Meth
A record amount of meth was seized on the U.S.-Mexico border in fiscal 2014. Reuters

Federal agents seized a record amount of methamphetamine on the U.S.-Mexico border in fiscal 2014, but the large increase is due to a shift in where meth is produced, not a rise in the number of users, according to the San Diego Union-Tribune and government statistics. More meth is now being produced in Mexico than the United States because of a crackdown in the U.S. that makes it more difficult to obtain the chemicals needed to make meth.

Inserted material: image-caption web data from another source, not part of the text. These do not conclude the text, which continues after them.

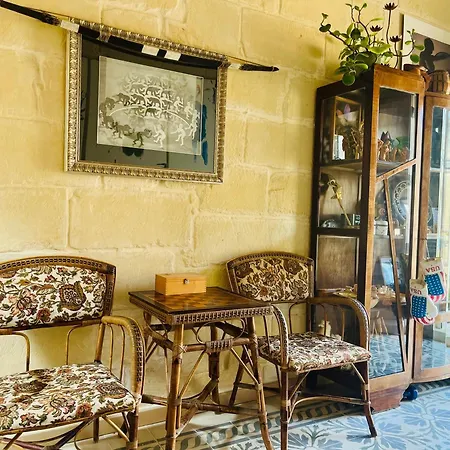 Knight's Place - Character Townhouse Below The Citadel بيت للعطل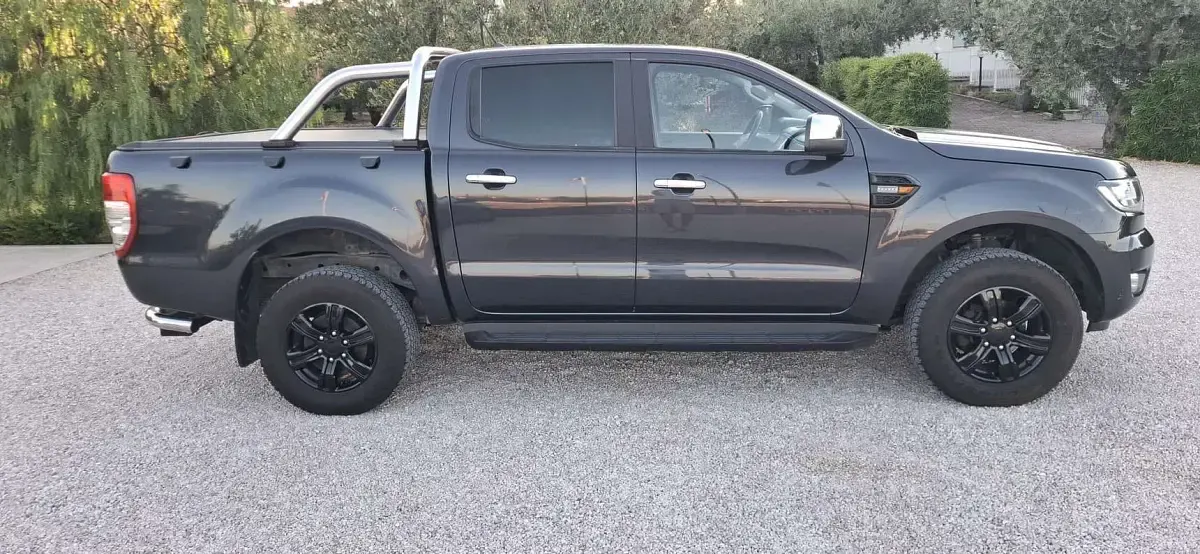Usata Ford Ranger XLT 170 CV (125 kW) 2020 Grigio Pick-up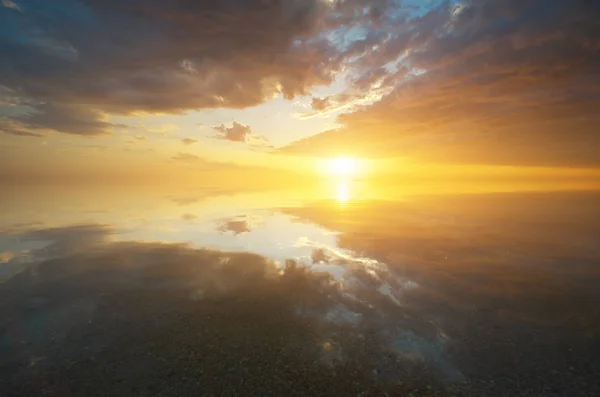 Hemelachtergrond Zee Water Reflectie Zonsondergang Natuur Zeegezicht Samenstelling — Stockfoto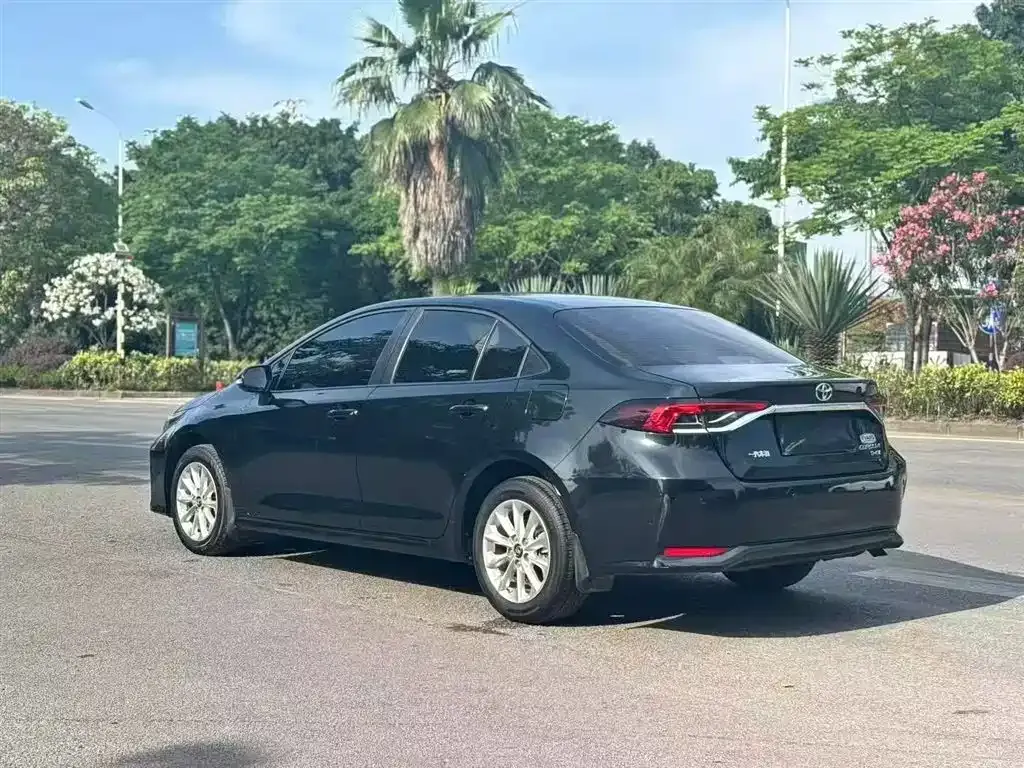Toyota Corolla 2021 из CN, фото 8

“The Mexican cartels are flooding the U.S. marketplace with their cheap methamphetamine,” Gary Hill, the U.S. Drug Enforcement Administration’s assistant special agent in charge at the San Diego field office, told the Union-Tribune. Smugglers transport the synthetic drug over the border into California, where most of the meth was seized in the fiscal year that ended in September 2014. The San Diego DEA field office seized 14,732 pounds of meth during that span, representing 63 percent of all meth seized in the U.S. Meth seizures increased 300 percent in California from 2009 to 2014.

But the unprecedented figures don’t necessarily mean that meth use is on the rise in the U.S. Americans are using the synthetic drug at about the same pace in recent years, although there was a large increase from 2010 to 2011, according to the National Institute on Drug Abuse. In 2013, 595,000 Americans said they used meth in the past month, compared to 440,000 who used the drug in 2012. In 2011, there were 439,000 Americans who said they used meth in the last month, a steep increase from the 353,000 who said the same in 2010.

The number of new meth users within the last year is about on par with estimates from 2007 to 2012, according to the institute’s National Survey on Drug Use and Health. There were 144,000 new users of the synthetic drug in 2013, “which was similar to the estimates” in the previous five years, the survey found.